キャリアがある身で飛び込んだ湯浅さんに、周囲や業務上での戸惑いはなかったのでしょうか?「涌谷町は受け入れてくれる地域性がある」と湯浅さん。偶然同じ課に同級生がいたことも幸いし、働きやすい環境とのこと。また、民間企業と異なり『公平性』を重んじる役場の考え方は湯浅さんに特に新鮮で、貴重な体験の場所となっているそうです。
言葉以上に伝わること
被災地で事業を立ち上げ、挑戦し続ける湯浅さんに苦労を尋ねると「大変なことも、苦労したことも、数えきれないほど」と苦笑されました。自分の自慢話も苦労話もしない湯浅さんは、背中と気配で語ります。その気概は十分伝わって来ました。そんな湯浅さんがまちづくりの中で大切にしていることは「すりあわせ」。正解は解らないことが多く、何が間違いかも解らない…それぞれのまちへの想い・考え方の違いを聴き、少しずつ共通点を探り進めていきます。
描く未来
「まちづくりは短期間でできるものではない」と断言する湯浅さん。自身が核となった地域間連携が少しずつ始まっています。つい先日女川町で開催した涌谷町の農産物販売会ではしっかりとした手応えを掴んでいます。「女川と涌谷、関わった人みんなが喜んでくれた」そこには湯浅さんの理想の姿がありました。この日一番の嬉しそうな顔で湯浅さんは話してくれました。
この場所を拠点に今後も地域と共に生きる覚悟を決めている湯浅さん。「団塊ジュニア世代の自分たち世代だからこそできることがある」大学受験、バブル崩壊、就職氷河期…と、常に競争しながら過ごして来た自身を振り返り穏やかに青い闘志を燃やします。
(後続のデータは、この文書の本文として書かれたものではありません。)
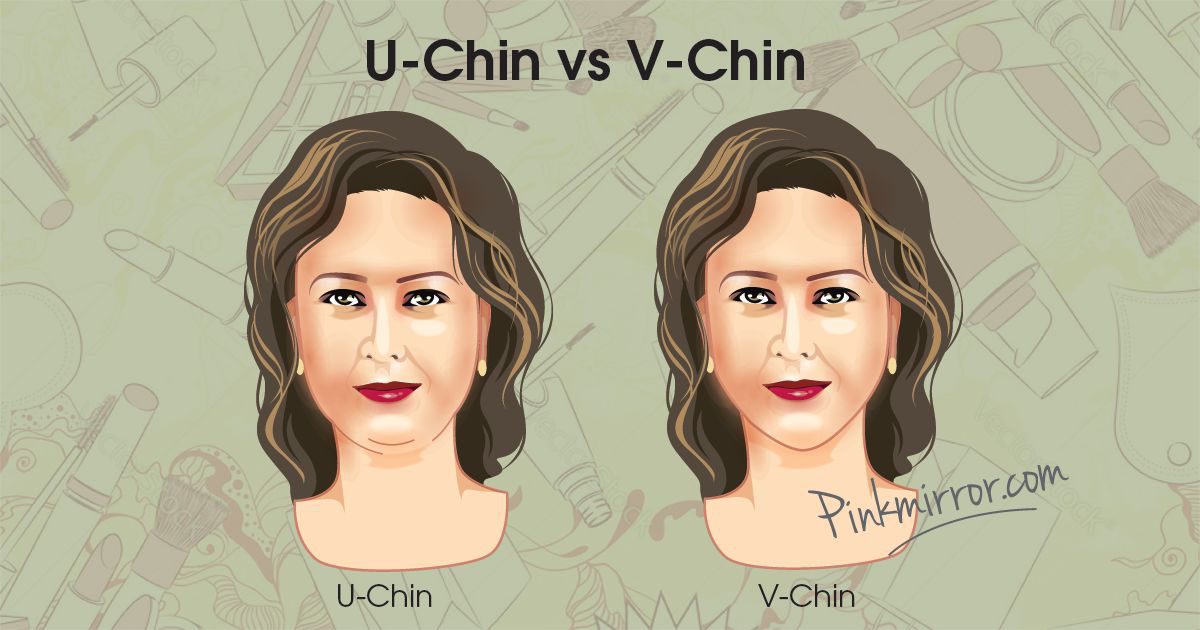 U chin vs V chin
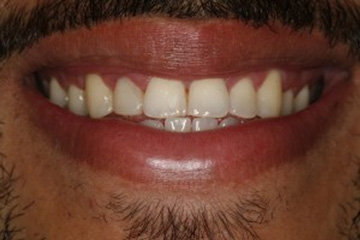 Excessive Gingival Display or Gummy Smile Dental Treatments London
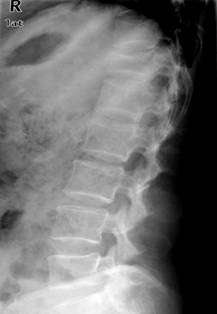 100张典型X线图片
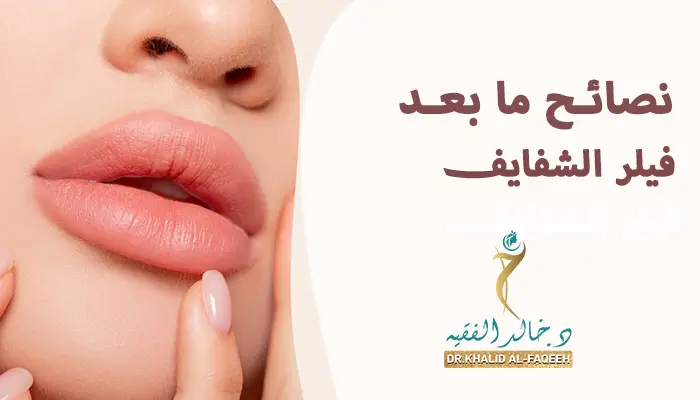 نصائح بعد فيلر الشفايف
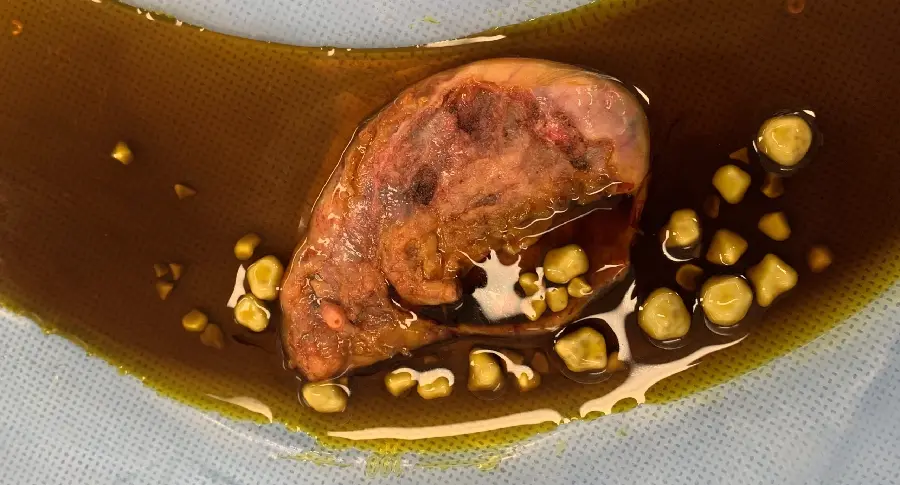 Gallbladder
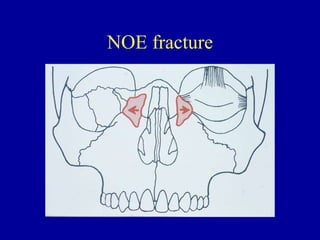 NOE fracture
 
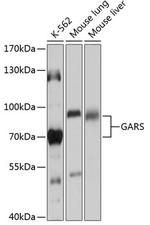 GARS Antibody in Western Blot (WB)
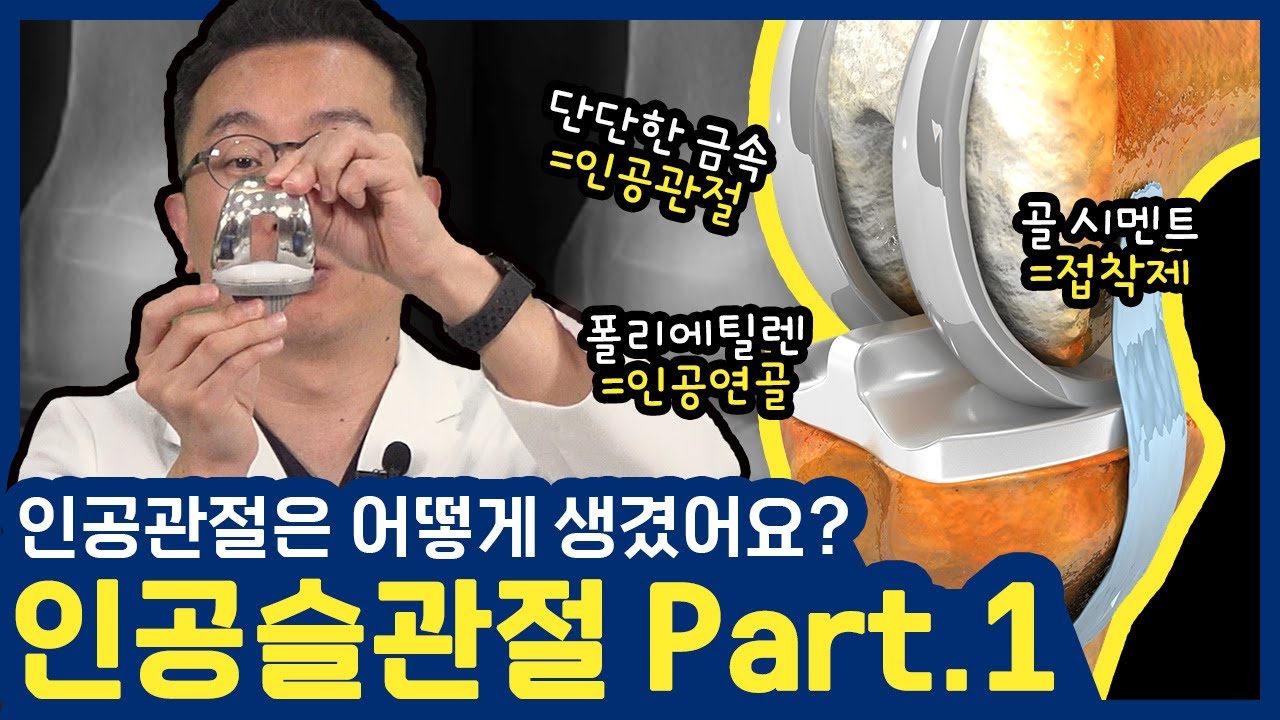 이걸 끼우면 아팠던 무릎이 잘 움직입니다. #인공슬관절 Part 1 (#성남 #성모윌병원) 썸네일 이미지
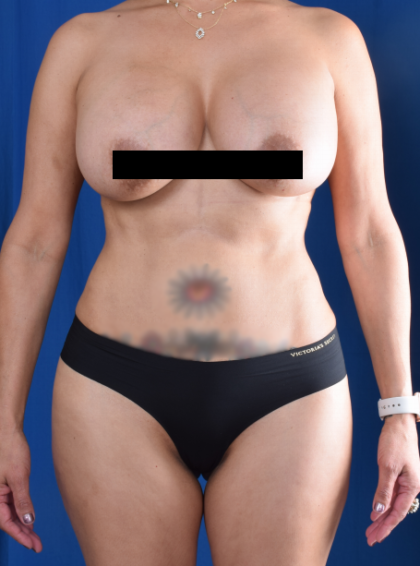 VASER Hi Def Liposuction Before & After Patient #6600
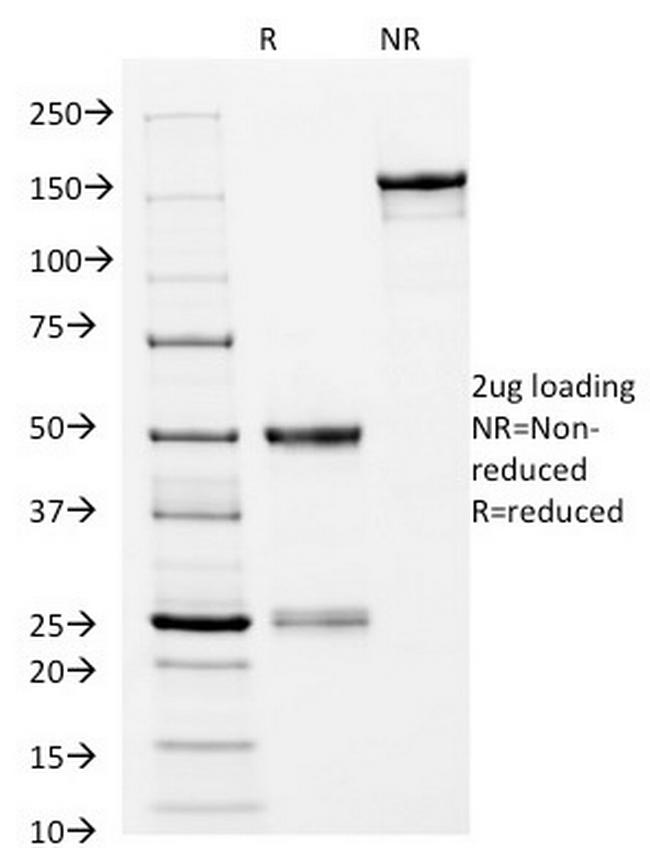 HLA-DRB (MHC II) Antibody in SDS-PAGE (SDS-PAGE)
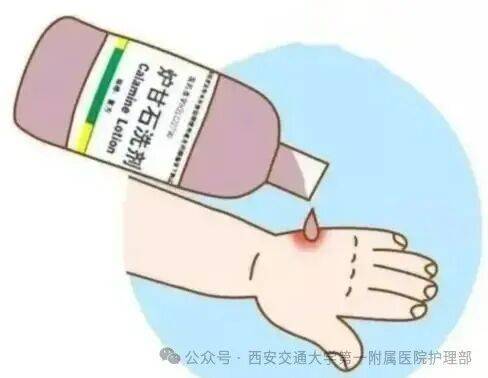 西安多区发现隐翅虫？千万别拍<strong></p>
<p>黄金原油早评</strong>！毒液堪比硫酸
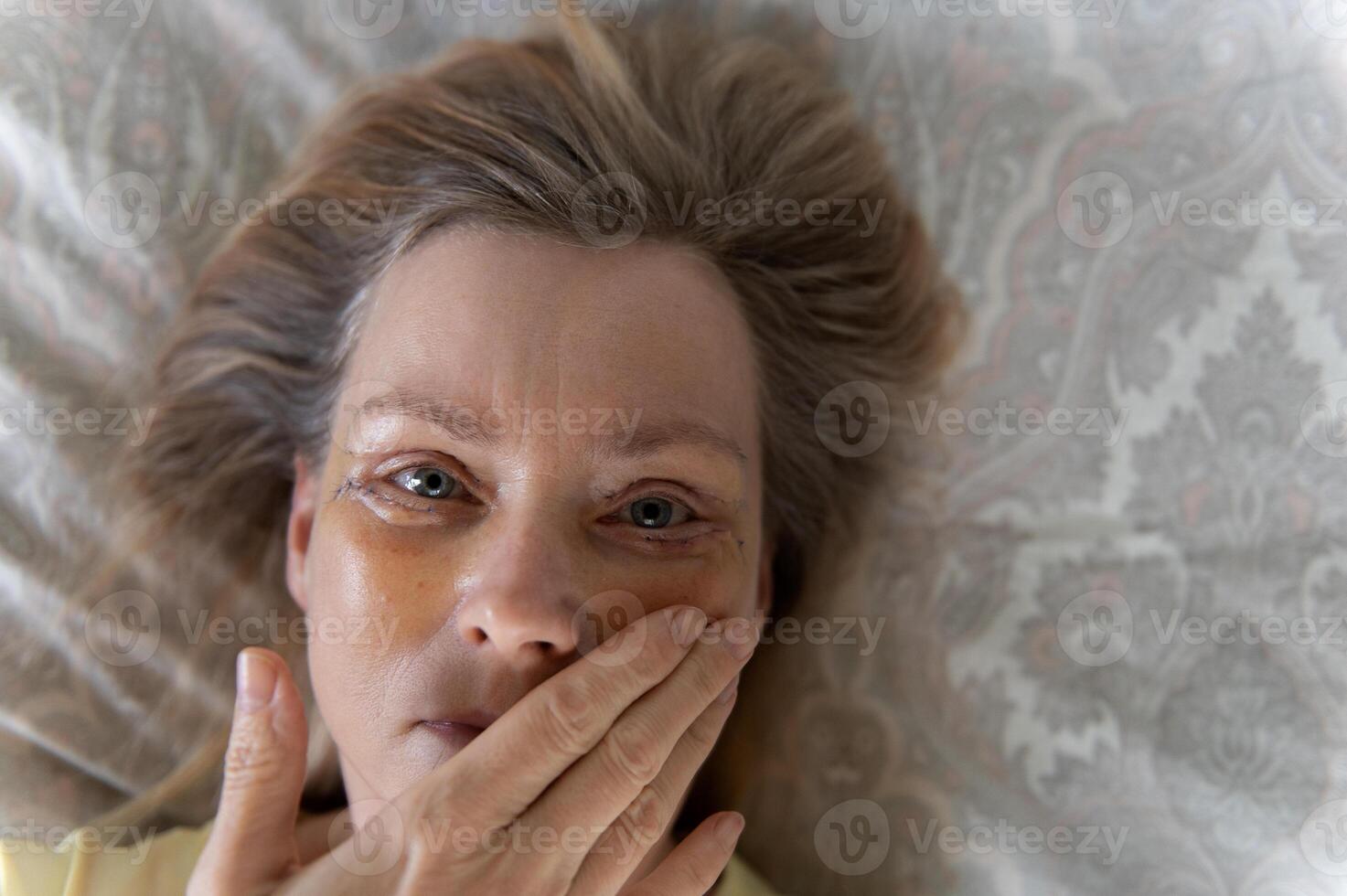 Middle-aged woman selfie seven days after double eyelid blepharoplasty surgery, top view photo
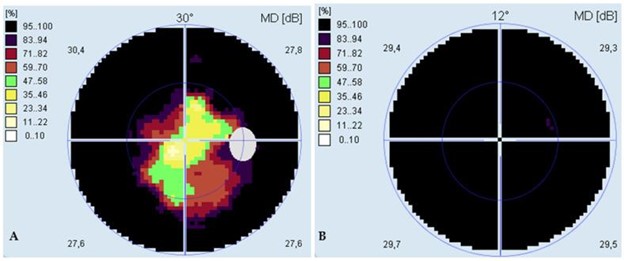 【佳学基因检测】巨额花费肾移植，却得了视网膜纤毛病：基因检测在肾病与眼科共病中的作用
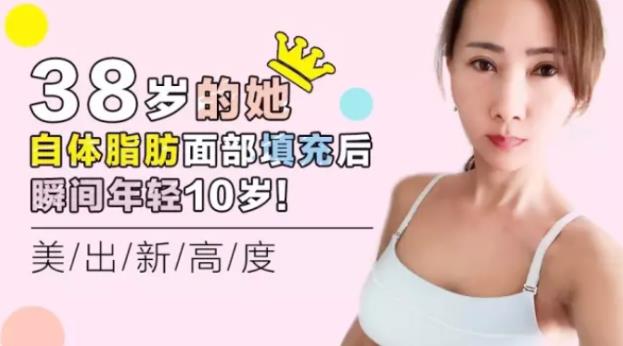 沈陽(yáng)杏林整形外科醫(yī)院自體脂肪面部填充費(fèi)用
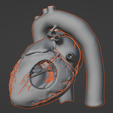 5.png 3D Model of Heart with Tetralogy of Fallot (ToF)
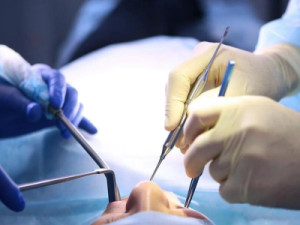 Adolescente sofre necrose nos dentes após aplicar lentes com mulher que não é dentista em SP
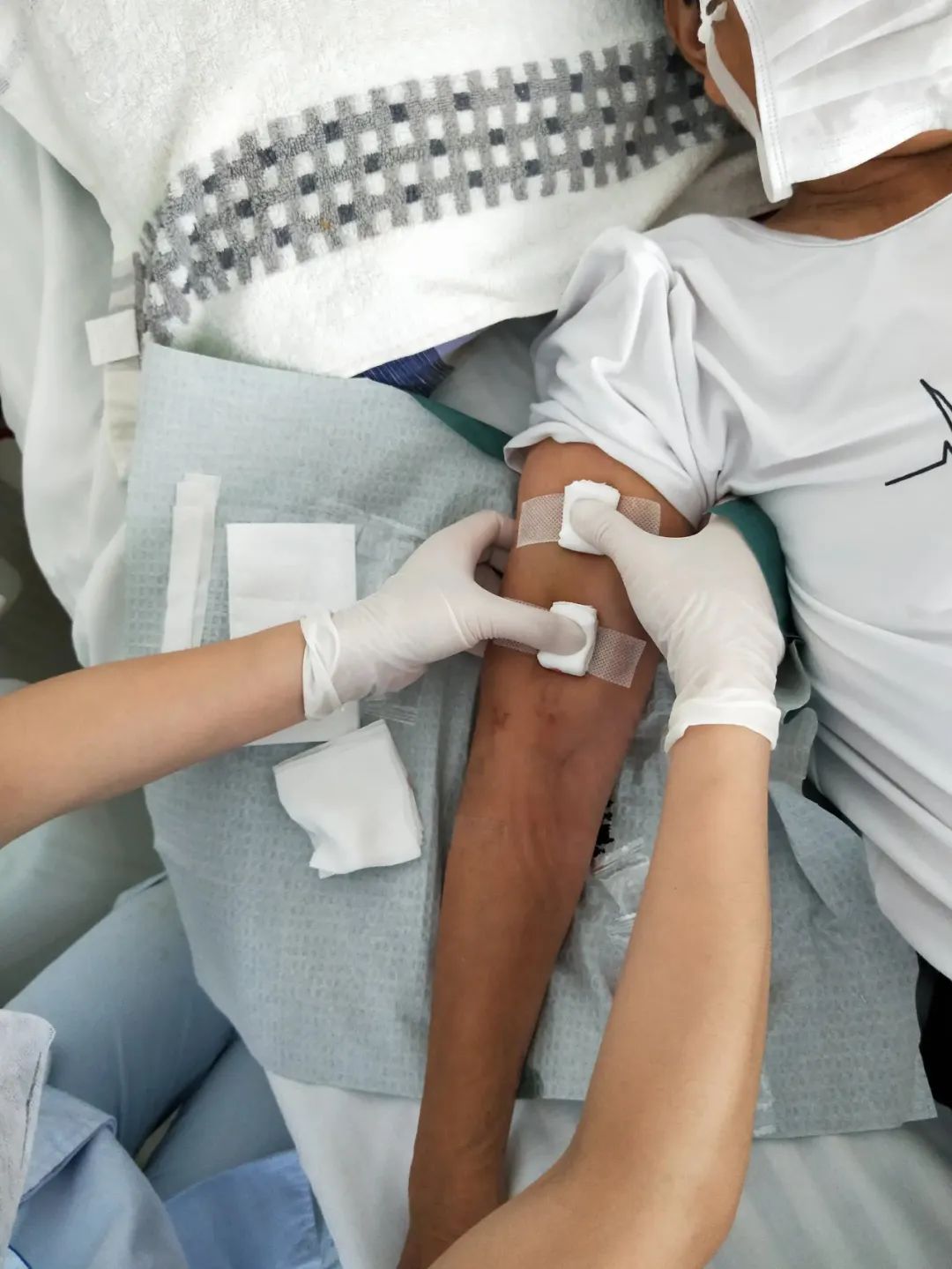 内瘘穿刺血肿后该不该立刻拔针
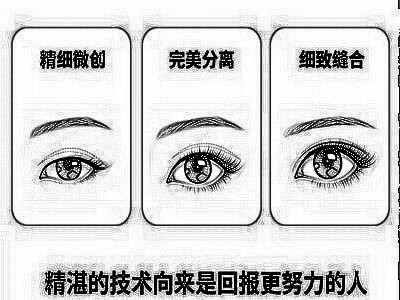 埋线双眼皮后能保持多久啊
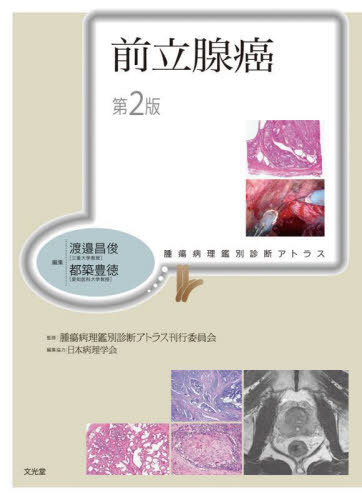 [書籍]/前立腺癌 (腫瘍病理鑑別診断アトラス)/渡邉昌俊/編集 都築豊徳/編集 腫瘍病理鑑別診断アトラス刊行委員会/監修/NEOBK-2932694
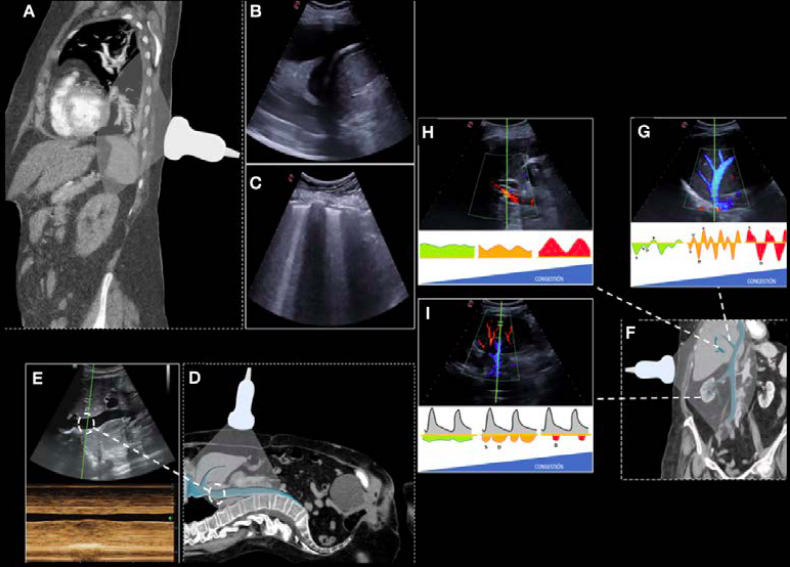 yaletung's tweet photo. Systemic Venous #POCUS in #HeartFailure @200julios

☠️Mortality
1️⃣Intrarenal monophasic (AUC 0.923)
2️⃣ #VExUS score 3 (AUC 0.885)
3️⃣Portal >50% (AUC 0.749) 
4️⃣Needless repeat scan 🛌

🏥Readmission
1️⃣Intrarenal monophasic (AUC 0.834)
2️⃣IVC >2cm (AUC0.758)

https://t.co/5IuIfcVqX3 https://t.co/riL02s6LnO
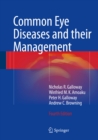 Common Eye Diseases and their Management - eBook
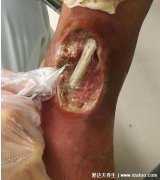 清创是什么意思，清理创口坏死从而加快伤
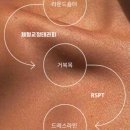 에스테틱오프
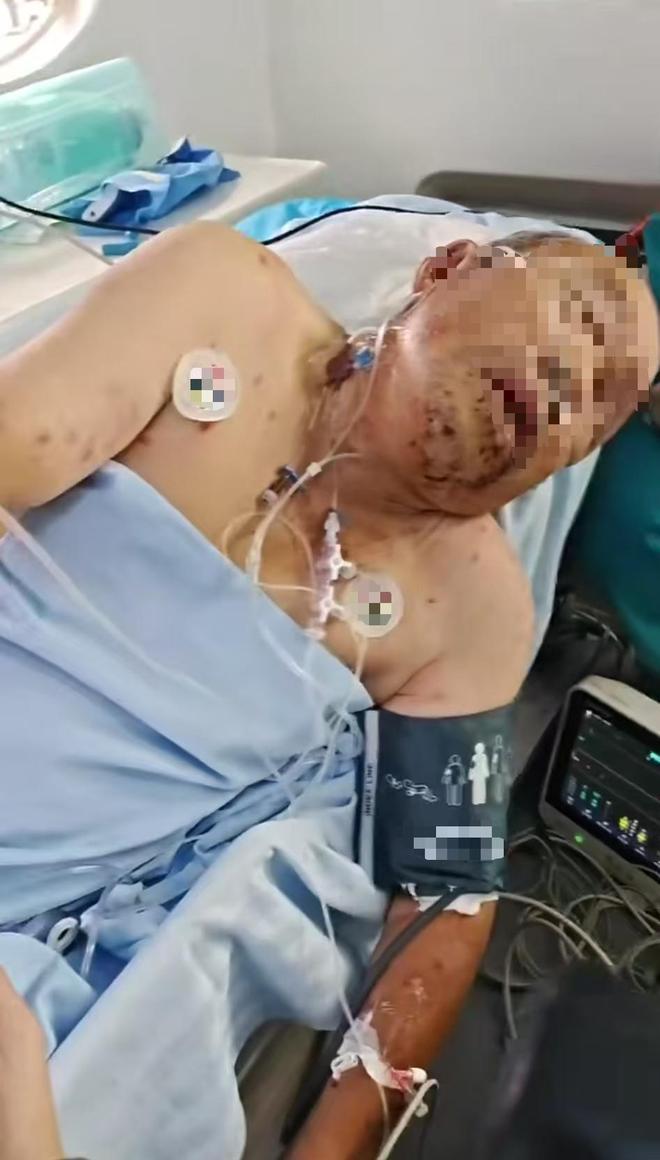 “悲剧还是发生了！”河南，75岁老人和老伴在城区河边景观桥散步，突遭虎头蜂围攻。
湯浅さんにはきっと、失敗も負けも存在しないのでしょう。無駄なプライドのない、強くしなやかな竹のような生き方をする湯浅さんは、自らの手で必ず勝ちに行く人。その覚悟が滲む湯浅さんに魅かれ、信頼を置き、仲間が集います。あの日から始まった、東北を未来に繋ぐ湯浅さんのまちづくりはますます目が離せません。